At the suggestion of going out the nurse gave a shriek and thrust her tray into the servant’s hands who was waiting. “He will have to kill me first,” she said, rushing away.

And immediately upon this scene came Betty, fresh and shining in her white frock, with a smile like a little sunbeam, who announced at once that Miss Lance was coming.

“How is Charlie?” said Betty. “Oh, Mrs. Leigh, how good you have been! Papa is coming himself to thank you. What a trouble it must have been to have him ill here all the time. Mrs. Lyon, whom I am staying with, thinks it so wonderful of you—so kind, so kind! And Bee, she is coming, though it is rather a hard thing for her to do. She says you will not like to see her, Mrs. Leigh, and that it will be an intrusion upon you; but I said when you had been so good to poor Charlie all along, you would not be angry that she should come who is such a friend.”
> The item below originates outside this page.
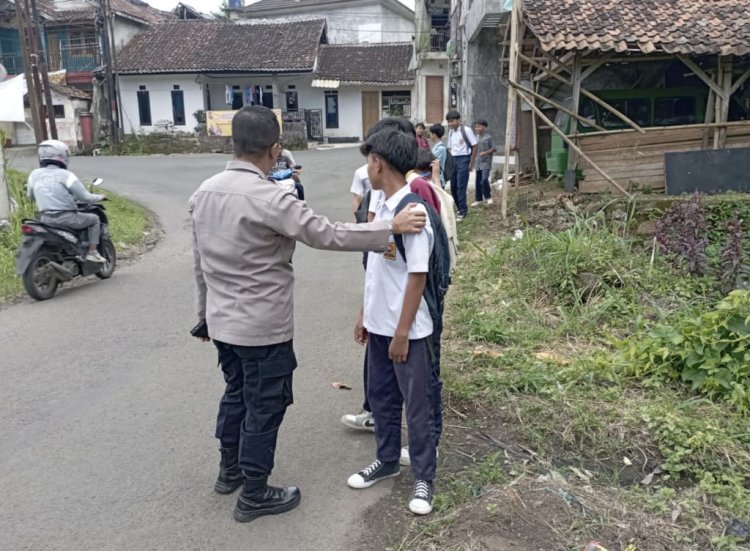 Antisipasi Tawuran Pelajar, Polsek Kebonpedes Intensifkan Patroli Saat Bubaran Sekolah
“Any friend, of course, of Colonel Kingsward’s——” Mrs. Leigh said stiffly, while little Betty stared. She thought they all looked very strange; the old lady so stiff, and Bee turning red and turning white, and a general air as if something had gone wrong.

“Is Charlie worse?” she said, with an anxious look.

And then Bee was suddenly called upstairs. “Can’t manage him any longer,” the nurse said on the landing. “I wash my hands of it. Your fault if he has a relapse.”